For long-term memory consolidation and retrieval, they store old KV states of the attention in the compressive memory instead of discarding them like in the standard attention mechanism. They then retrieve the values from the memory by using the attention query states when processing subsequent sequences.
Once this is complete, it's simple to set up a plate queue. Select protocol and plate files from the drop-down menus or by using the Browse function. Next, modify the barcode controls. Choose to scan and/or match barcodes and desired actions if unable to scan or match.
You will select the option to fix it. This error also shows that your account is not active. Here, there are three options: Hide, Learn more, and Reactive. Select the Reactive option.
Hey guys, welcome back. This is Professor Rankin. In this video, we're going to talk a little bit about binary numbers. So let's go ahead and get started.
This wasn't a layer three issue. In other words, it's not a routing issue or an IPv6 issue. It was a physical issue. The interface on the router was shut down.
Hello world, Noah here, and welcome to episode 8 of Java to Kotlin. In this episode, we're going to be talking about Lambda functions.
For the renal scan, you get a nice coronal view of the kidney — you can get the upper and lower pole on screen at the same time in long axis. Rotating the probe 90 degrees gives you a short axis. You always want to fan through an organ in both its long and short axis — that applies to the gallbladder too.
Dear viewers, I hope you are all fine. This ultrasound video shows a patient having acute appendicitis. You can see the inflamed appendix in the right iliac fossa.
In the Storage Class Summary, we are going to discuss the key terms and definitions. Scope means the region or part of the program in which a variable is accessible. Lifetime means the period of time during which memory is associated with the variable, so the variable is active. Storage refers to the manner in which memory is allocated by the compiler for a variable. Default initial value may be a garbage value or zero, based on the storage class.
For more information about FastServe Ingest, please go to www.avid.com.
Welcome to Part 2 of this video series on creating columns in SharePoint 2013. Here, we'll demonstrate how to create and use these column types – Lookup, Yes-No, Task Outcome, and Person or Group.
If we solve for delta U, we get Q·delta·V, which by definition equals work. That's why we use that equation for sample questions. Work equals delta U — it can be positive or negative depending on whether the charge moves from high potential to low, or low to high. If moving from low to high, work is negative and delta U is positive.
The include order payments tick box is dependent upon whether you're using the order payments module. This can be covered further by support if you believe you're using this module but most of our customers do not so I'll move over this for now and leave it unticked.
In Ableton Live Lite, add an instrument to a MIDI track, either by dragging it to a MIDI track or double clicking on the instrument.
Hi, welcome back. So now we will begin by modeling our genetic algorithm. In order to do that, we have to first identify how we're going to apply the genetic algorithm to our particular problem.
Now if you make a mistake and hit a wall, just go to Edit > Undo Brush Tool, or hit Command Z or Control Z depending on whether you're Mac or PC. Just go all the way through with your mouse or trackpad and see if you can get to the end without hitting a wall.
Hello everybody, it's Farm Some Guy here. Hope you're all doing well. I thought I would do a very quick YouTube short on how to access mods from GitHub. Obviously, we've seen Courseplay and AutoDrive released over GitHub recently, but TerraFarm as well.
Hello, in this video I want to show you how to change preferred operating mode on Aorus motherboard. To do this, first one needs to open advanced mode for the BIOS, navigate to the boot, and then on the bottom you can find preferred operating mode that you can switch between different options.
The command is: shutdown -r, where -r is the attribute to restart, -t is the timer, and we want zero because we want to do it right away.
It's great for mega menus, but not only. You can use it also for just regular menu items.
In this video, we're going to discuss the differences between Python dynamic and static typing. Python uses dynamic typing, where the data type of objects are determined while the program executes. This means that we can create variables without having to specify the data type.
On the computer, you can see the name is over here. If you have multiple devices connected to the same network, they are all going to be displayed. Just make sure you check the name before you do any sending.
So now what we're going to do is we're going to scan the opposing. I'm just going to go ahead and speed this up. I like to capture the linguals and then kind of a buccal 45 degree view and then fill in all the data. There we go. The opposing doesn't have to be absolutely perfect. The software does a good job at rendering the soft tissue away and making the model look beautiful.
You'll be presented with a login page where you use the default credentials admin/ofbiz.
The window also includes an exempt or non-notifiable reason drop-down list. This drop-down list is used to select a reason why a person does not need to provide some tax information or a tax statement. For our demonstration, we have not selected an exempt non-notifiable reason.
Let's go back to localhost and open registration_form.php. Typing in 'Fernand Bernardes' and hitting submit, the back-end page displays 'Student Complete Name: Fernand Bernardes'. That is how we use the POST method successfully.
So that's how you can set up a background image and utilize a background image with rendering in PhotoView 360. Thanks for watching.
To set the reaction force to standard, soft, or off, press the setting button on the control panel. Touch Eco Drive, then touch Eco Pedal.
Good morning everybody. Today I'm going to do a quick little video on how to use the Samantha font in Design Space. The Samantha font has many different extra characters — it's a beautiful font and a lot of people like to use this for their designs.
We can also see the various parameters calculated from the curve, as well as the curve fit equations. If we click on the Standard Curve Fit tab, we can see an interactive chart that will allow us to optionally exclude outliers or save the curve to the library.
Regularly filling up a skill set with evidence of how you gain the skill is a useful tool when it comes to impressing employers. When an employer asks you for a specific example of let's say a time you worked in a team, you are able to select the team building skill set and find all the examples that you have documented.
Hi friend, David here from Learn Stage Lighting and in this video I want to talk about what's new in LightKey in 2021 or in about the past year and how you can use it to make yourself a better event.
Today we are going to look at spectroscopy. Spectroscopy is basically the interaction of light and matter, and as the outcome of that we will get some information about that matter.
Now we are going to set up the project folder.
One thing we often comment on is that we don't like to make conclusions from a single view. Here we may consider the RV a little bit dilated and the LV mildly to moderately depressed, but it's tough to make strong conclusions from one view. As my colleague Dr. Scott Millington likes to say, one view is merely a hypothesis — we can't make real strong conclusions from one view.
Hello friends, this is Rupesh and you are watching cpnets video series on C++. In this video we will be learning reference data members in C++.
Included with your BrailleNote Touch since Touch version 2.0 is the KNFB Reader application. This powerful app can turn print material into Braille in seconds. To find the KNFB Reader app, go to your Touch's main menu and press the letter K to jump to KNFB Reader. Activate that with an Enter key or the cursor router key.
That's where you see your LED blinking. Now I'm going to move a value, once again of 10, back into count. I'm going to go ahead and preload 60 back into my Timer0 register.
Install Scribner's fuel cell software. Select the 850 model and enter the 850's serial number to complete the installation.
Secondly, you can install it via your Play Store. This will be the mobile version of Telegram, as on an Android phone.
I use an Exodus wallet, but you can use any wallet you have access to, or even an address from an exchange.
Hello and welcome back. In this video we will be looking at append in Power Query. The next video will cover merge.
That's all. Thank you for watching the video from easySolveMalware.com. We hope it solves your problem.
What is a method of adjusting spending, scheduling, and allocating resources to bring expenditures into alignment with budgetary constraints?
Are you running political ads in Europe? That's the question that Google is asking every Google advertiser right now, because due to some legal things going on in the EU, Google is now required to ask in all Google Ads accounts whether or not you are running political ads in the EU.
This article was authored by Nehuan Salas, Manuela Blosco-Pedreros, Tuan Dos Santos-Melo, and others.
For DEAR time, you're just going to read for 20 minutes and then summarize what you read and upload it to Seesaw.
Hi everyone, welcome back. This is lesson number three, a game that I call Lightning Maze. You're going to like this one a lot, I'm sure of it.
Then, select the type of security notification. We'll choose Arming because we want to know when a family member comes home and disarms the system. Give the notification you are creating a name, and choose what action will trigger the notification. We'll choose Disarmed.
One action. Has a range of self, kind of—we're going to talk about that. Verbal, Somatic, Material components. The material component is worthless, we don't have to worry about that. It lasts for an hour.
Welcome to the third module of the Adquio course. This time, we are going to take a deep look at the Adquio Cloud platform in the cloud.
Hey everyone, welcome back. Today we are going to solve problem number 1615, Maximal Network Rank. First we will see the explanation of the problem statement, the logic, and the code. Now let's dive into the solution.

__Exercise directions__: When you reach the line holding "I use an Exodus" in the records above, begin reproducing exactly, stop after the line holding "That's all. Thank", and output nothing else.

__Answer section__:
I use an Exodus wallet, but you can use any wallet you have access to, or even an address from an exchange.
Hello and welcome back. In this video we will be looking at append in Power Query. The next video will cover merge.
That's all. Thank you for watching the video from easySolveMalware.com. We hope it solves your problem.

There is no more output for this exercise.